Archive for the ‘Rest’ Category

Dreaming deep…

March 2nd, 2007 | Josie

All the things one has forgotten scream for help in dreams.  ~Elias Canetti

I have found that there are weeks and weeks when I don’t dream at all, then there are nights when I have dreams that I cannot even begin to interpret.

I successfully slept for 17 hours last night, and woke up more confused than I have ever been in my life. I don’t even remember what the dream was about, I just woke up feeling the most enormous void in my life. How can I begin to fill a void when I don’t know what it is that needs to be filled?

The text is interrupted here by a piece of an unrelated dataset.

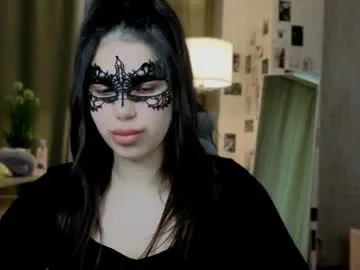 lipsyjane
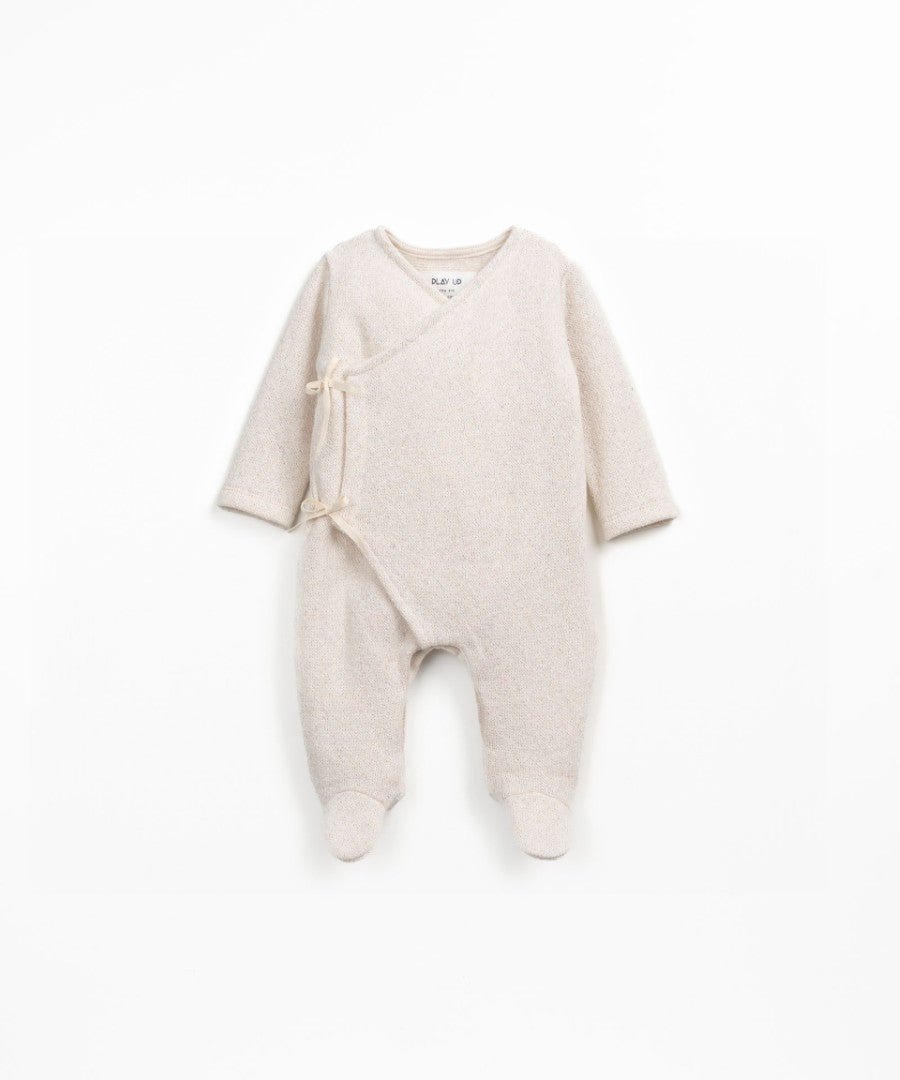 Mono Jersey Pencil - Olokuti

I have always felt safe in sleep. Aside from rare nightmares, I can usually excape into emotional oblivion within the realms of dreamless sleep. Not really sure what such a dream means to the grand scheme of my life, but it does take away one of my few safe havens.

Just resting…

October 2nd, 2006 | Josie

“How beautiful it is to do nothing, and then to rest afterward.”~Spanish Proverb

 

When I was younger, my mom called them “mantal health days,” those days where you skip school or work or whatever other obligations that you have and just do whatever strikes your fancy. Sometimes this entails doing nothing but lying on the couch reading a book, taking breaks only to use the bathroom and, if you remember, to eat. Other days it meant running around the house like a chicken with its head cut off, doing a million projects at once. Every couple of months I would go into my parents room and inform my mom that I didn’t feel like going to school. Where other parents might have rejected this as lazy, my mom simply asked if I had a test (which I never lied about, since that would have put my mental health days in jepordy), and said to enjoy myself. Without these days, I don’t think that I would have made it through high school in one piece (which, admittedly, I almost didn’t anyways). 

Since arriving in Europe, my life seems to have been one giant blur. We are always going, going, going. I don’t function well like that. It really has nothing to do with stress as much as it has to do with me needing to collect my thoughts and center myself. When I was growing up everyone thought I was outgoing, and most of the time I am, but there are days when I just need to be alone, days when I don’t even want to talk to other people, or listen to them talk. I just want to turn off and simply exist, let the world turn without me for a while.